TASK BRIEF: Search the material below for "from" and copy every line where it occurs.

LISTED ENTRIES:
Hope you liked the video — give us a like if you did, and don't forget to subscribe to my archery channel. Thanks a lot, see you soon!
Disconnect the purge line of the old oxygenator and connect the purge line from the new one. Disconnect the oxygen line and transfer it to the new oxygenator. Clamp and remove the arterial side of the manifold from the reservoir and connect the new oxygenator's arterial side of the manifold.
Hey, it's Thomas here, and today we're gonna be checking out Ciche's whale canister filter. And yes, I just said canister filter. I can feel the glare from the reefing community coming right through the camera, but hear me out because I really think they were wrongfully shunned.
---
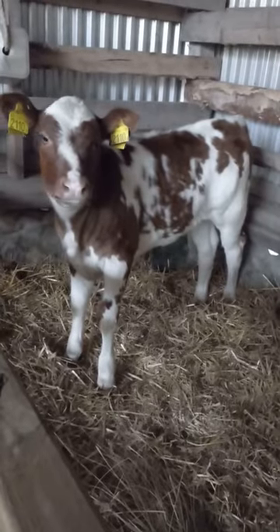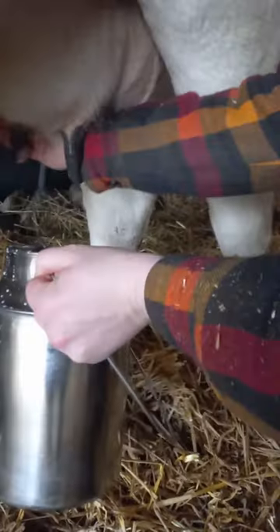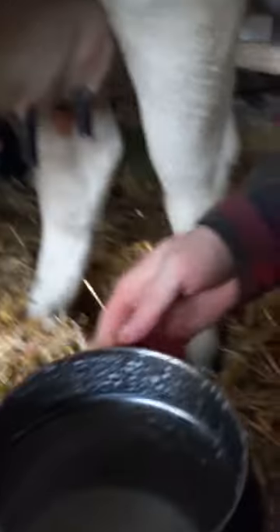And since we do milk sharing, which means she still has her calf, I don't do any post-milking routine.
---
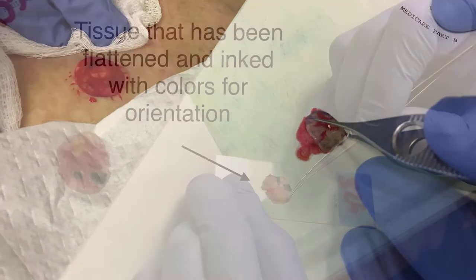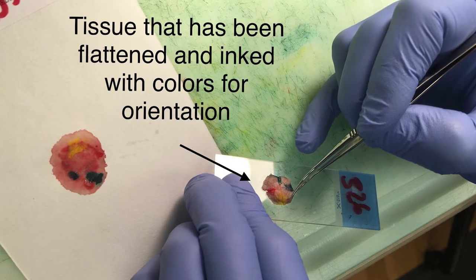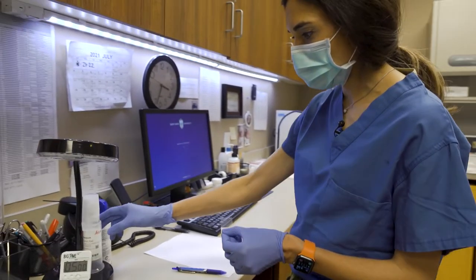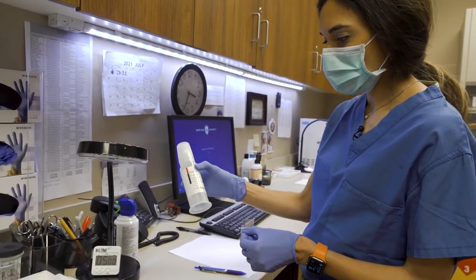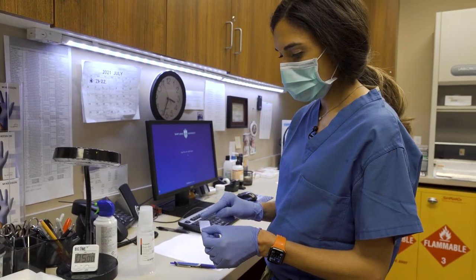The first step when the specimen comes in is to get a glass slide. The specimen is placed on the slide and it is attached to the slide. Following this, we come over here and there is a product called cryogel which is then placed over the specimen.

SOLVED EXERCISE:
Disconnect the purge line of the old oxygenator and connect the purge line from the new one. Disconnect the oxygen line and transfer it to the new oxygenator. Clamp and remove the arterial side of the manifold from the reservoir and connect the new oxygenator's arterial side of the manifold.
Hey, it's Thomas here, and today we're gonna be checking out Ciche's whale canister filter. And yes, I just said canister filter. I can feel the glare from the reefing community coming right through the camera, but hear me out because I really think they were wrongfully shunned.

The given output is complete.